MATERIAL FOR THE TASK section start

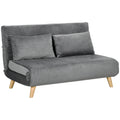 Sofa-lova su reguluojamu atlošu, 130 cm, pilka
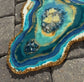 Freeform Geode Artwork On Wood, Teal, Blue, Gold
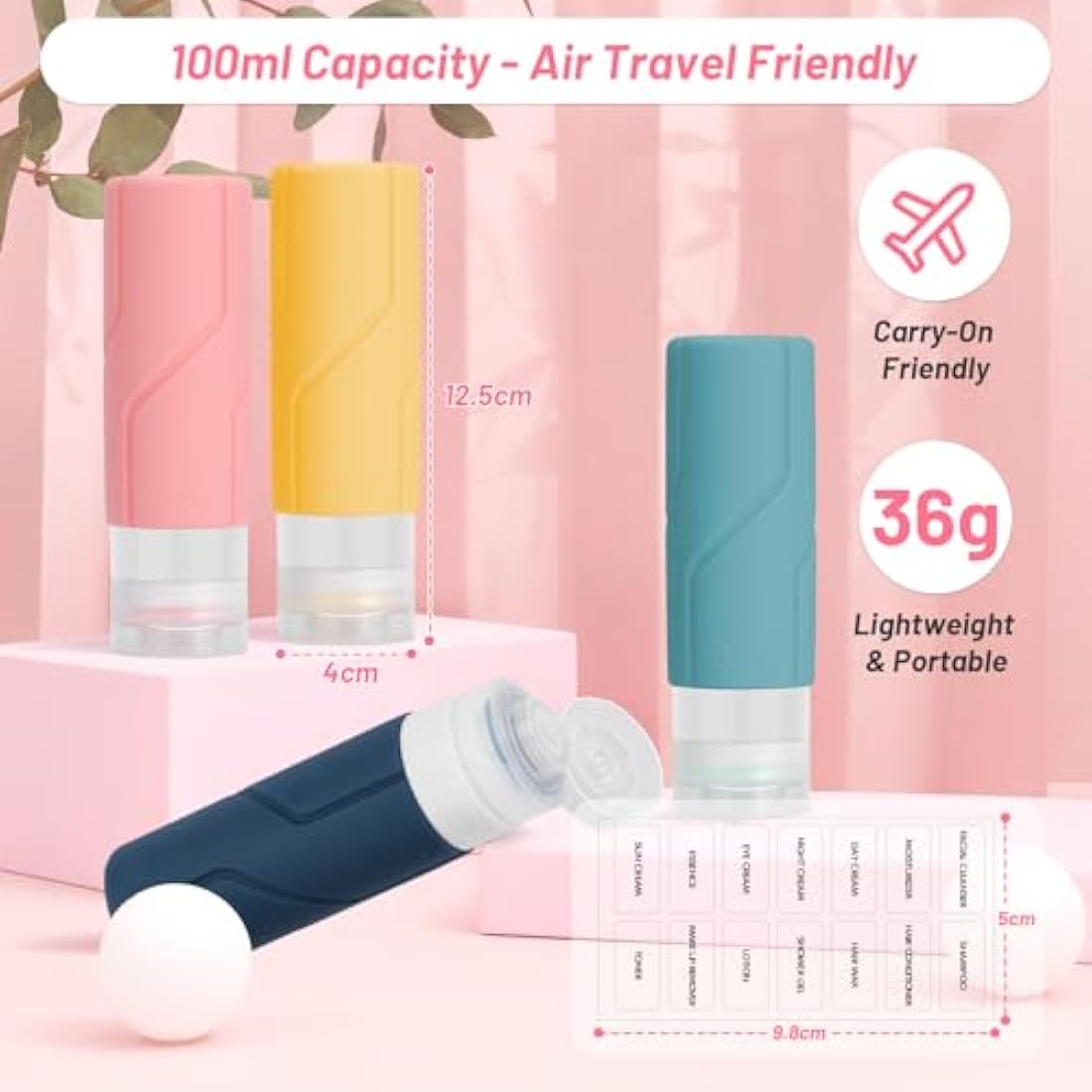 Alyvisun 4 Pack Leak-Proof Silicone Travel Bottles for Toiletries, 100ml
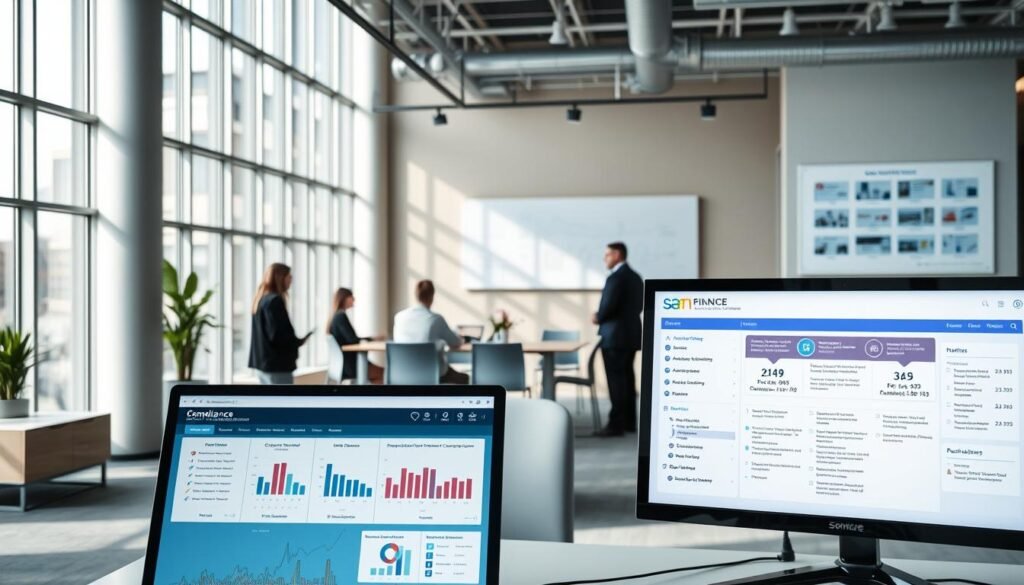 A modern office interior with sleek, minimalist furnishings and abundant natural light streaming through large windows. In the foreground, a desktop computer displays a dashboard with charts, graphs, and indicators related to compliance management. The middle ground features a team of professionals collaborating around a conference table, discussing policies and procedures. In the background, a wall-mounted display showcases an automated workflow diagram, illustrating the seamless integration of compliance tasks. The atmosphere conveys a sense of efficiency, transparency, and a commitment to regulatory adherence. A modern office interior with sleek, minimalist furnishings and abundant natural light streaming through large windows. In the foreground, a desktop computer displays a dashboard with charts, graphs, and indicators related to compliance management. The middle ground features a team of professionals collaborating around a conference table, discussing policies and procedures. In the background, a wall-mounted display showcases an automated workflow diagram, illustrating the seamless integration of compliance tasks. The atmosphere conveys a sense of efficiency, transparency, and a commitment to regulatory adherence.
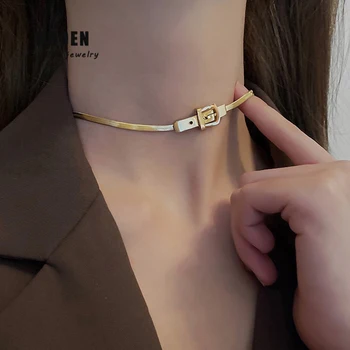 Смысл дизайна Форма пряжки ремня Золотое колье из нержавеющей стали для вечеринок, сексуальная цепочка на шею, Корейская бижутерия для женщин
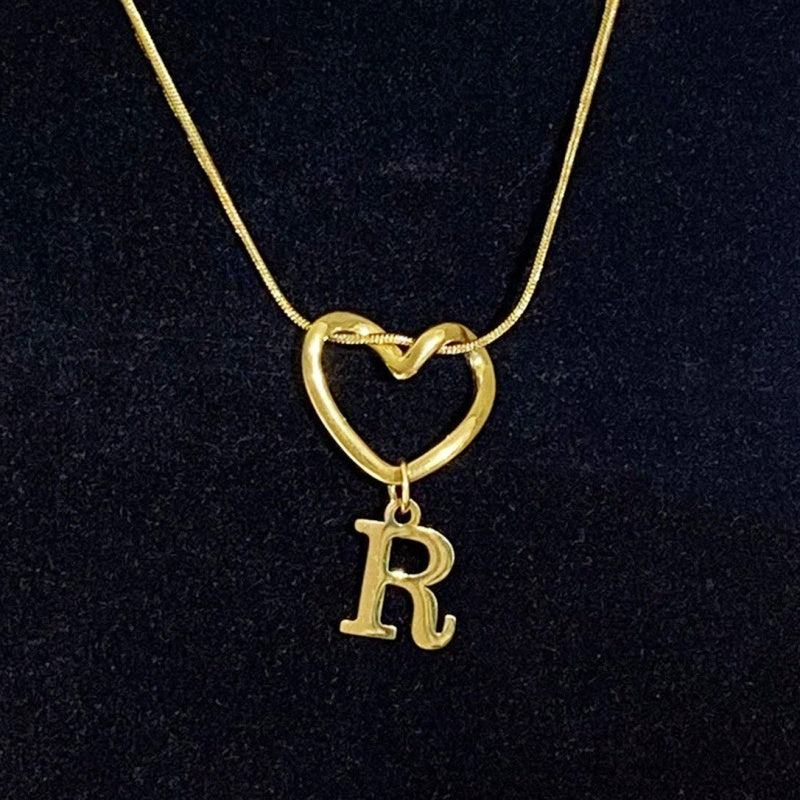 Personalized Heart Initial Necklace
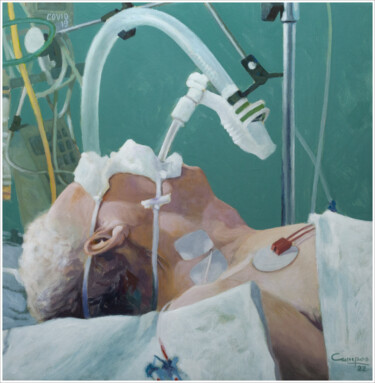 Pintura intitulada ""Salvando Vidas"" por Jose Luis Santamaria Campos, Obras de arte originais, Acrílico Montado em Painel d…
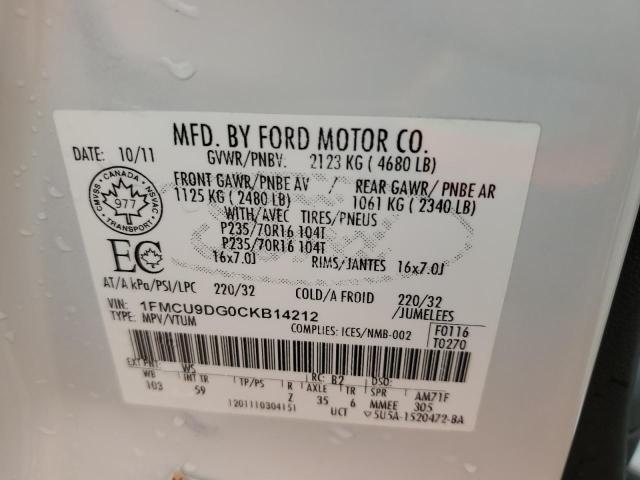 Photo 13 VIN: 1FMCU9DG0CKB14212 - FORD ESCAPE XLT 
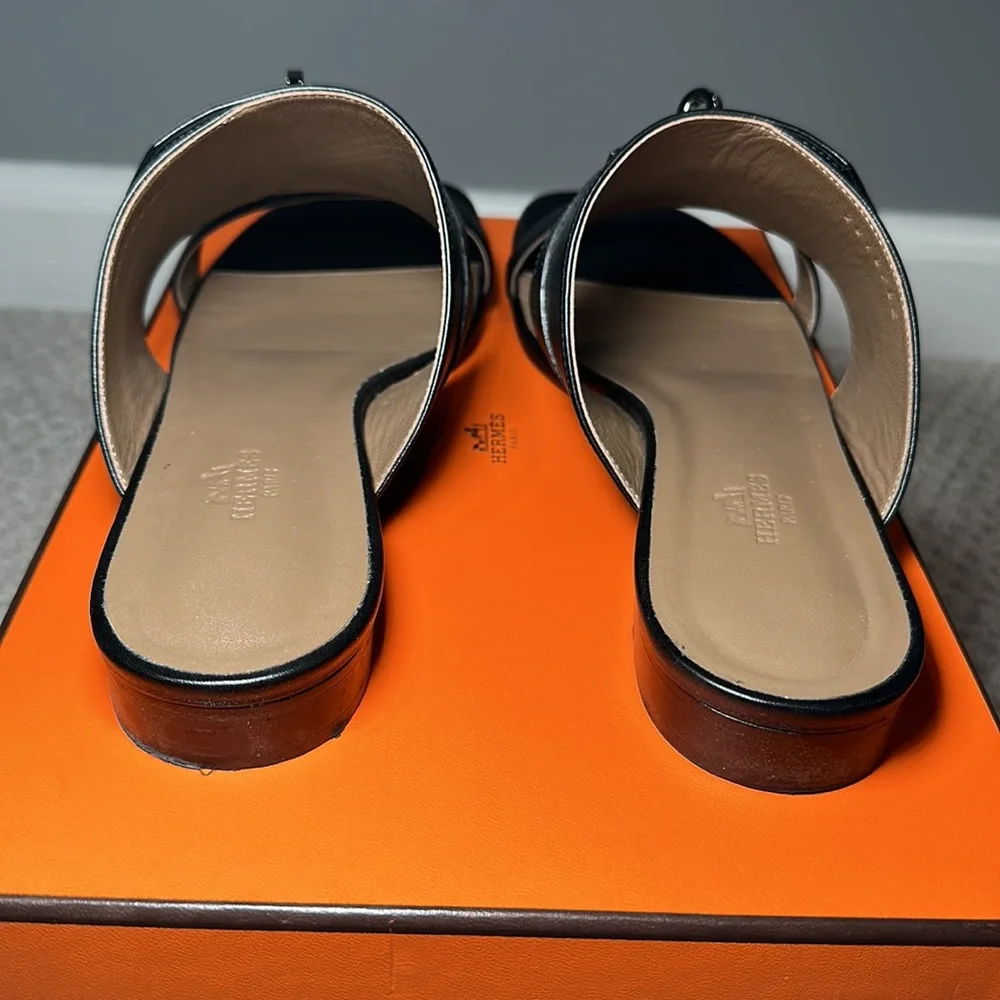 ❌SOLD❌Hermes Avenue Sandal BLACK size 39 - Picture 7 of 10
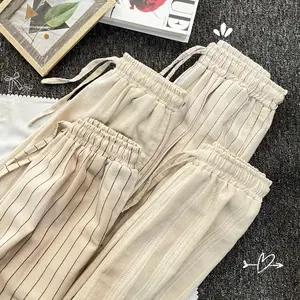 Celana Stripe by Cetar Fashion Hits. Kulot linen / Celana panjang stripe / Linen pants stripe / Pants cotton / Salur Stripe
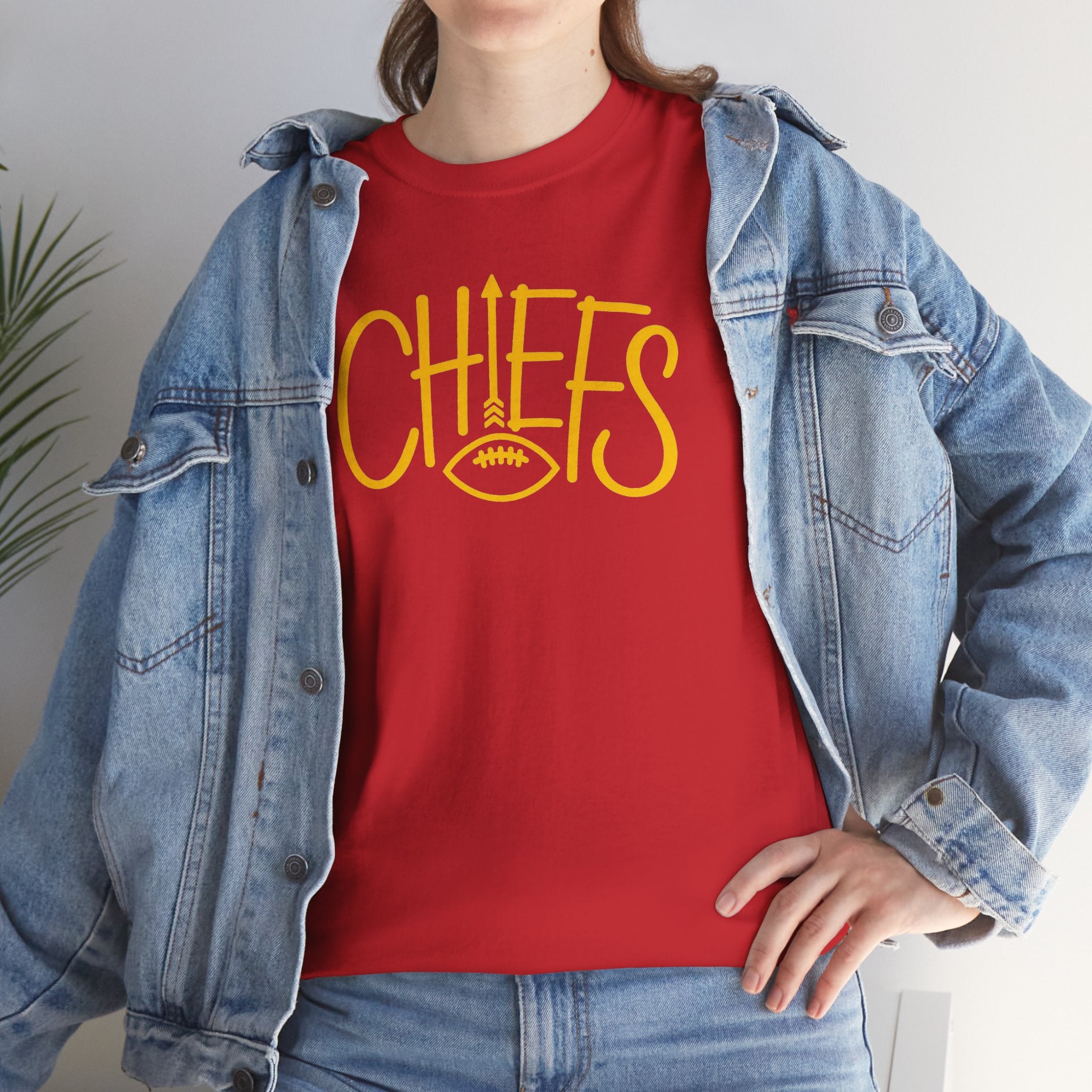 Chiefs Graphic T-Shirt | Red and Gold Sunday Football Spirit Tee | Cr8tive Designs
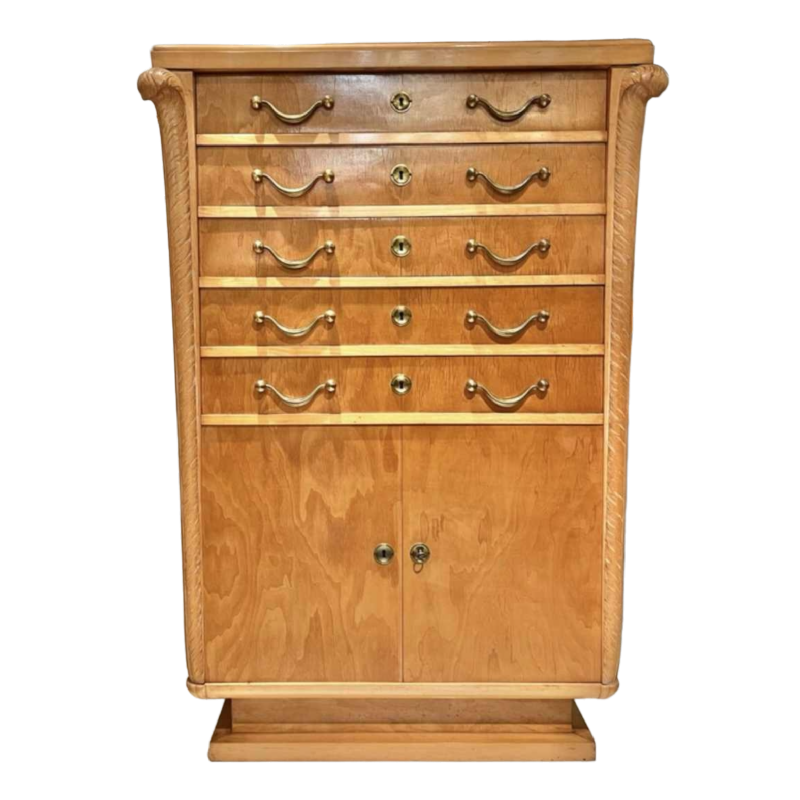 Meuble chiffonnier Art Déco belge en érable sycomore , ca 1930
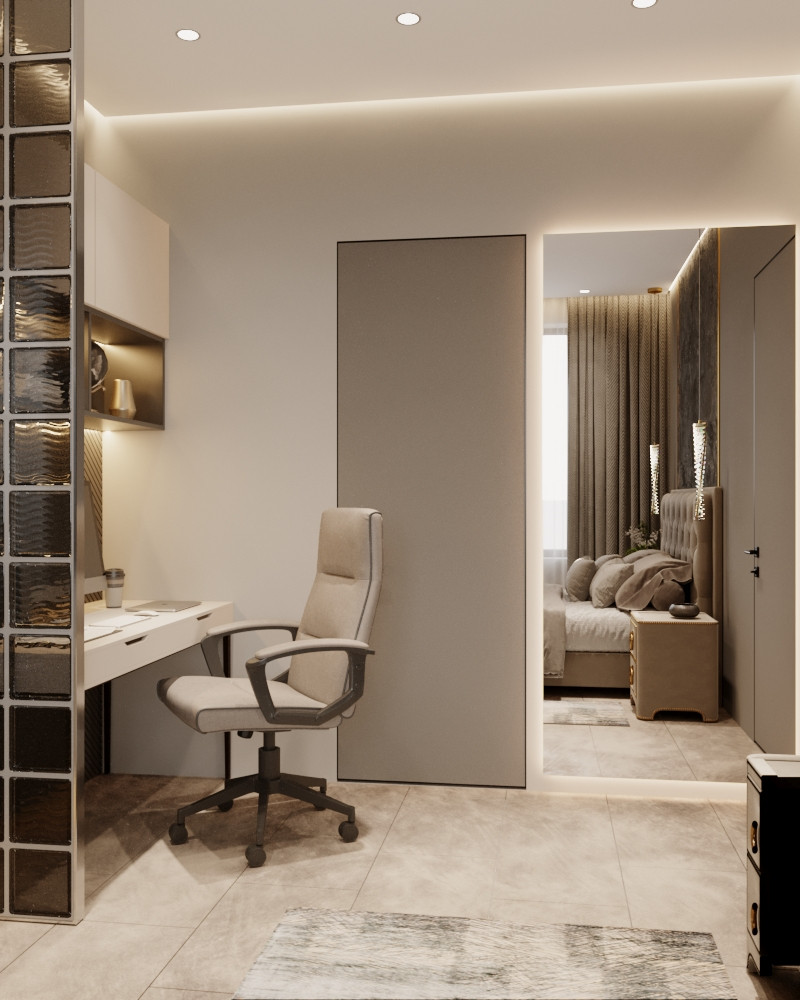 Современный интерьер в нюдовых тонах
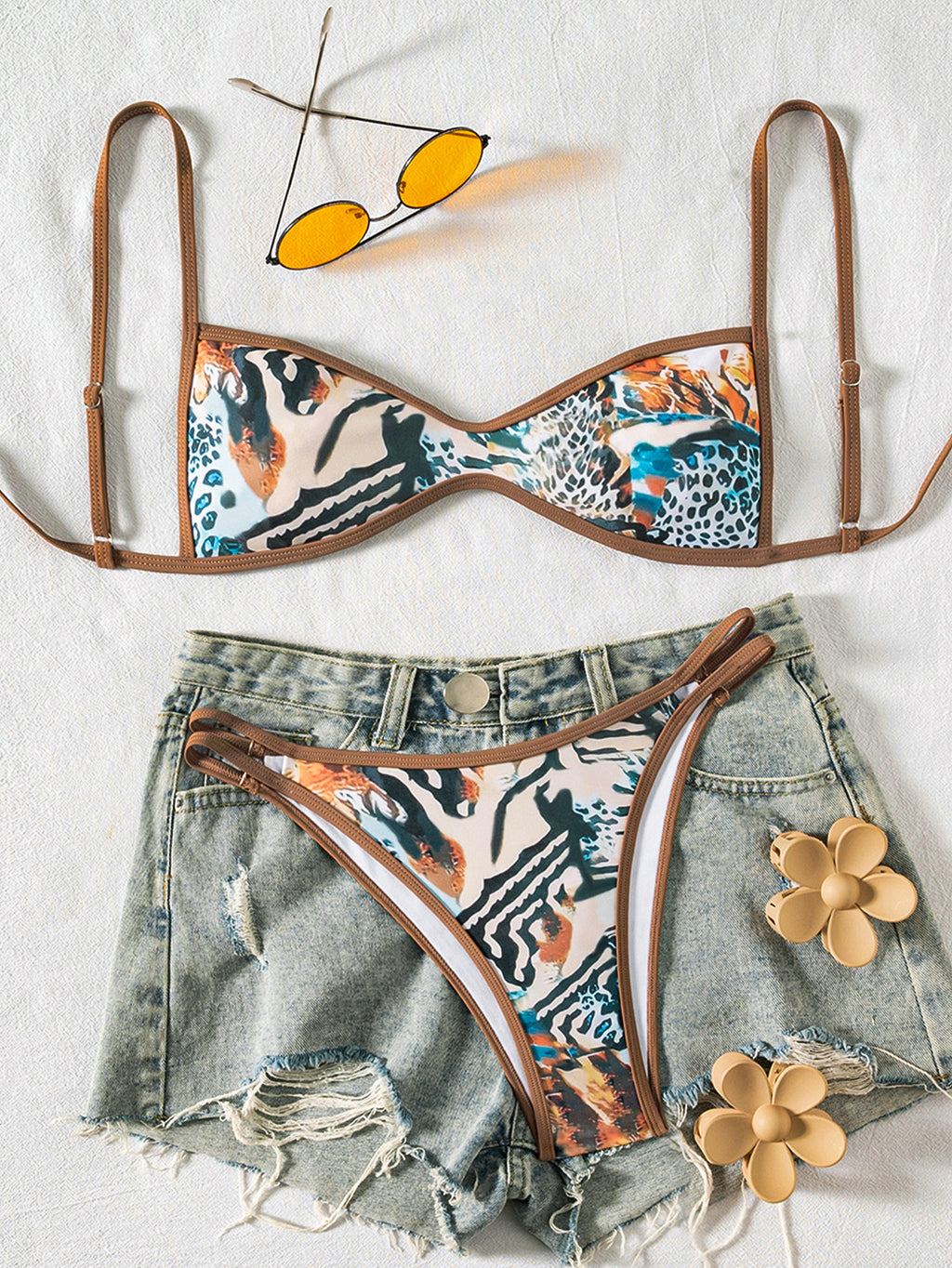 Tube-top Backless Lace-up Two-piece Swimsuit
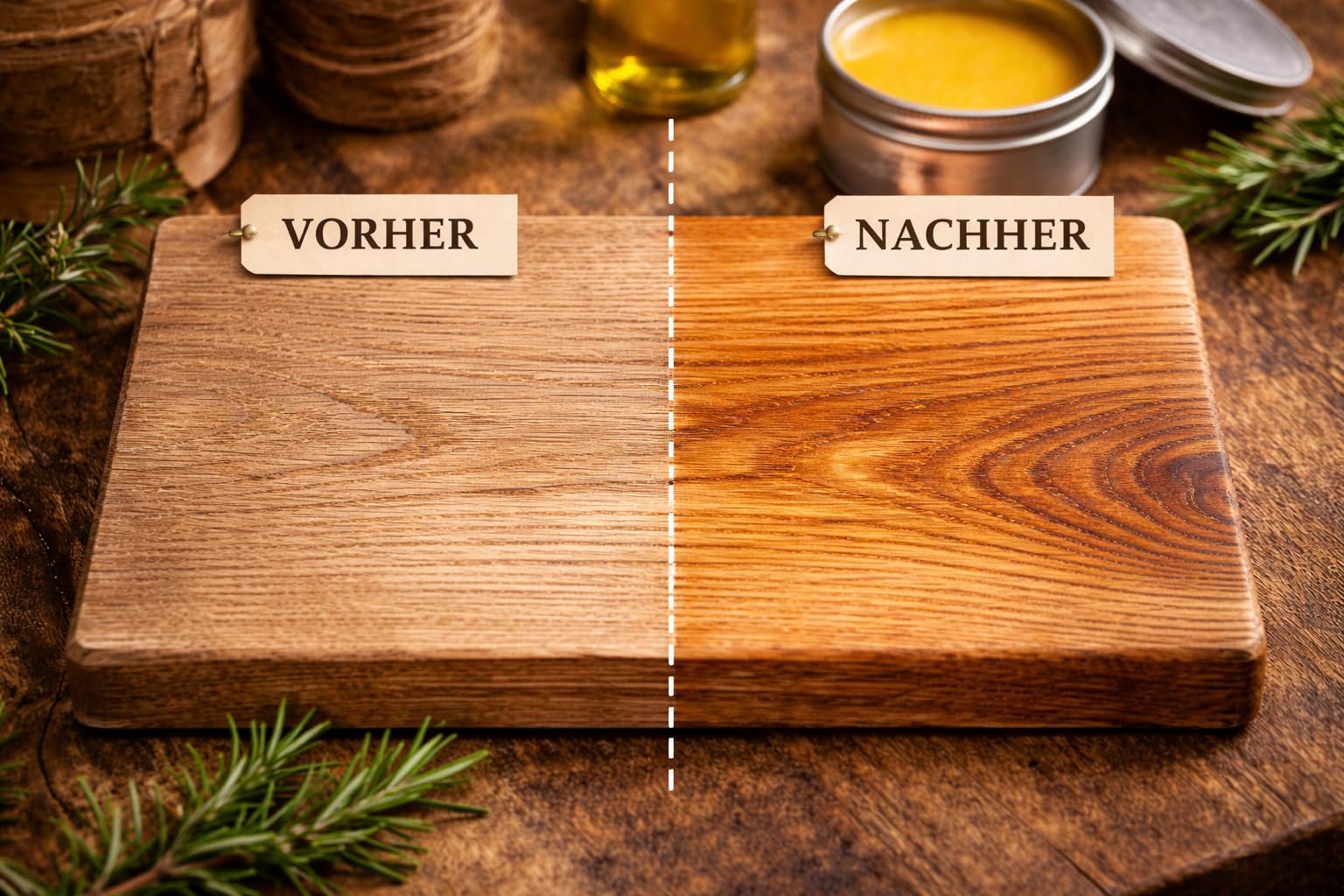 Holzpflege Wachs mit Bienenwachs & Bio Leinöl – 100 % natürlich - Holz- & Lederpflege für Holzprodukte, Möbel, Tische – Made in Germany (1, 150 Gramm Set)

MATERIAL FOR THE TASK section end

Skip the pictures and restate exactly the lines from the beginning of the listing to the line with "Alyvisun 4 Pack", that line included.

 Sofa-lova su reguluojamu atlošu, 130 cm, pilka
 Freeform Geode Artwork On Wood, Teal, Blue, Gold
 Alyvisun 4 Pack Leak-Proof Silicone Travel Bottles for Toiletries, 100ml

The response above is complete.